### Work instructions:
Return the data given below exactly as it appears.

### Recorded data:

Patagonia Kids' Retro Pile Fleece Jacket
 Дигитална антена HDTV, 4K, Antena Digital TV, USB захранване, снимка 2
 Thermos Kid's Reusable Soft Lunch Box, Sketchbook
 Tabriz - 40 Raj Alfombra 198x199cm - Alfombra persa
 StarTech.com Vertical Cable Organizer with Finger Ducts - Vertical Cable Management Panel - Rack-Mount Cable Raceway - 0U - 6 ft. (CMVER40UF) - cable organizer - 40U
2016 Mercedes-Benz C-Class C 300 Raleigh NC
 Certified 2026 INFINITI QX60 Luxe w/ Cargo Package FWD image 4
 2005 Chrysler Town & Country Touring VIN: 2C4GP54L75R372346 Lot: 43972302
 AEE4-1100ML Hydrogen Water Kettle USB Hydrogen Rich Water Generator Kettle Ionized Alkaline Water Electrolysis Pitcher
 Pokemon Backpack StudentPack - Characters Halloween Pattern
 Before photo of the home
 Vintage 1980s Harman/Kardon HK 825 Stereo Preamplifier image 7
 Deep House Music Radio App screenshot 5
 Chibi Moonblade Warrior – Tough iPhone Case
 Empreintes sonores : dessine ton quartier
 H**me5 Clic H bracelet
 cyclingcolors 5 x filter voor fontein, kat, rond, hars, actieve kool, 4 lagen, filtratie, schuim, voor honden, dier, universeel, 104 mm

### Final answer:
Patagonia Kids' Retro Pile Fleece Jacket
 Дигитална антена HDTV, 4K, Antena Digital TV, USB захранване, снимка 2
 Thermos Kid's Reusable Soft Lunch Box, Sketchbook
 Tabriz - 40 Raj Alfombra 198x199cm - Alfombra persa
 StarTech.com Vertical Cable Organizer with Finger Ducts - Vertical Cable Management Panel - Rack-Mount Cable Raceway - 0U - 6 ft. (CMVER40UF) - cable organizer - 40U
2016 Mercedes-Benz C-Class C 300 Raleigh NC
 Certified 2026 INFINITI QX60 Luxe w/ Cargo Package FWD image 4
 2005 Chrysler Town & Country Touring VIN: 2C4GP54L75R372346 Lot: 43972302
 AEE4-1100ML Hydrogen Water Kettle USB Hydrogen Rich Water Generator Kettle Ionized Alkaline Water Electrolysis Pitcher
 Pokemon Backpack StudentPack - Characters Halloween Pattern
 Before photo of the home
 Vintage 1980s Harman/Kardon HK 825 Stereo Preamplifier image 7
 Deep House Music Radio App screenshot 5
 Chibi Moonblade Warrior – Tough iPhone Case
 Empreintes sonores : dessine ton quartier
 H**me5 Clic H bracelet
 cyclingcolors 5 x filter voor fontein, kat, rond, hars, actieve kool, 4 lagen, filtratie, schuim, voor honden, dier, universeel, 104 mm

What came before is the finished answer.